Eran las 9 de la mañana y la estación de ómnibus se derretía, el calor de La Habana se sentía como dulce de leche pegado en la piel. Una intermitente brisa provenía de los ventiladores, interrumpida por los apagones. Estábamos esperando el bus para ir a Viñales, un pueblo en la provincia de Pinar del Río (cuna del mejor tabaco del mundo) cuando me entraron unas ganas tremendas de cagar. Ir al baño en una terminal de una capital tercermundista siempre es un desafío para nuestros cuerpos pasteurizados por la microbiología, aunque estoy seguro de que con lo caliente del ambiente, cualquier bicho moriría.

Bajé unas escaleras, el baño estaba en un subsuelo oscuro. Un señor estaba al lado de los mingitorios, sentado, con los codos sobre una mesa, mirando un televisor de tubo pequeño, con una imagen lluviosa. Había que pagarle 3 pesos cubanos para usar el baño. El billete de 3 lleva la cara del Che Guevara, entonces le pagué con uno de 5 y una moneda así me daba un Che para mi colección. “¿Papel?” me preguntó el hombre. Asentí con la cabeza y el señor me dio unos retazos del periódico más importante (sino el único) de toda la isla: El Granma, que lleva el nombre del famoso barco que arribó al país con el grupo de guerrilleros que daría inicio a la revolución.

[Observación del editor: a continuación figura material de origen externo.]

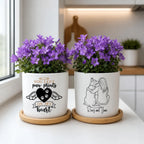 Two white ceramic planters with purple flowers sit on wooden coasters on a white countertop. The left planter has a black heart with paw prints and the text 'YOU LEFT paw prints ON MY heart', and the right planter has a line drawing of a person hugging a dog with the text 'Rose and Jane'.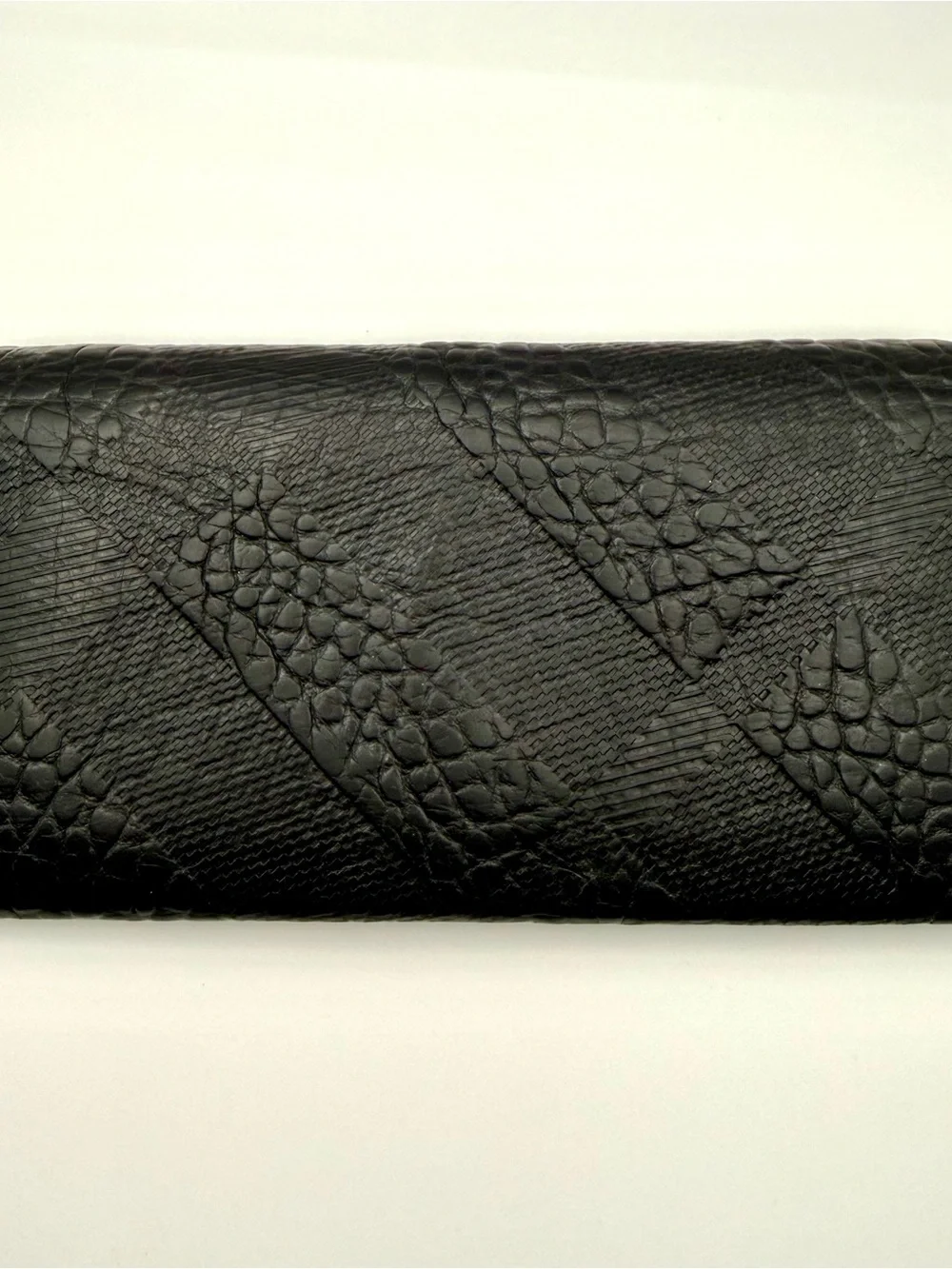 Burberry embossed pattern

Ya sentado en el trono, me puse a leer noticias cubanas mientras hacía lo mío: La cantidad de motos eléctricas que ingresaron al país en los últimos cinco años alcanzan un total de se corta la página. Los trozos de periódico (ahora papel sanitario) no están divididos con criterio periodístico, pero me divertía imaginar el final de las historias: solo 1.000 motos, las 200.000 restantes fueron producidas por la empresa estatal MotoCuba. La ensambladora nacional ubicada en la provincia de Matanzas utiliza piezas producidas por China y Brasil. Pero claro, es todo fantasía, porque debido al bloqueo, un barco que toque puerto cubano no puede navegar por las costas estadounidenses por años (por la Ley de Comercio con el Enemigo de EE.UU.) y ni China, ni Brasil, quieren eso para sus flotas mercantes.

Terminé de leer todo y pasé a utilizar la segunda (y más importante en ese momento) función del periódico, que cumplió incluso mejor que un típico papel higiénico. No es la primera vez que me limpio con algo improvisado (existen las emergencias), pero mientras usaba El Granma en la estación de ómnibus pensaba ¿A cuánto culito rosado de bidet no le vendría bien un poco de tinta en el orto?

Caminando por ahí me di cuenta que la imposibilidad de desechar productos al océano y comprar nuevos, lleva a las personas a utilizar al máximo su ingenio. Por ejemplo, es común ver a la gente en la puerta de su casa, en la vereda, con mesitas plegables llenas de minúsculas piezas y algunas herramientas, desarmando electrodomésticos para repararlos. En el barrio, se intercambian piezas como figuritas del mundial y las herramientas se prestan sin recelo.

Nuestro vuelo partió de Bogotá, y desde el avión la ciudad se veía brillar como un sol en medio de la noche. Cuando llegamos a La Habana las calles estaban oscuras, igual a las de un pequeño pueblo, pero asfaltadas y encerradas entre edificios coloniales. En Bogotá transitar por una calle oscura es un susto asegurado, no quiero contribuir al estigma de ciudad gótica que lleva la capital colombiana, pero esas personas que deambulan por la noche bajo los efectos de drogas de mala calidad, en ese trance que oscila entre la realidad y otra dimensión, por lo menos nos hacen acelerar el paso. En La Habana, la oscuridad no da miedo, se puede caminar a tientas, siguiendo la luz de una vela que ilumina una partida de ajedrez en el cordón de la vereda, o guiado por los gritos de unos chicos jugando a las canicas bajo un único farol.

Estamos acostumbrados a ver en las calles céntricas a los pobres que hacen campamento dentro de los cajeros automáticos, que se burlan de la caridad amotinados en las escaleras de las iglesias y mean las columnas de la democracia en los edificios públicos. Nada de esto sucede en Cuba, la ciudad, que sigue en guerra con Estados Unidos, se derrumba, pero no usa a las personas como carne de cañón. El Estado se ocupa de que la gente tenga lo mínimo: comida y dientes para comerla.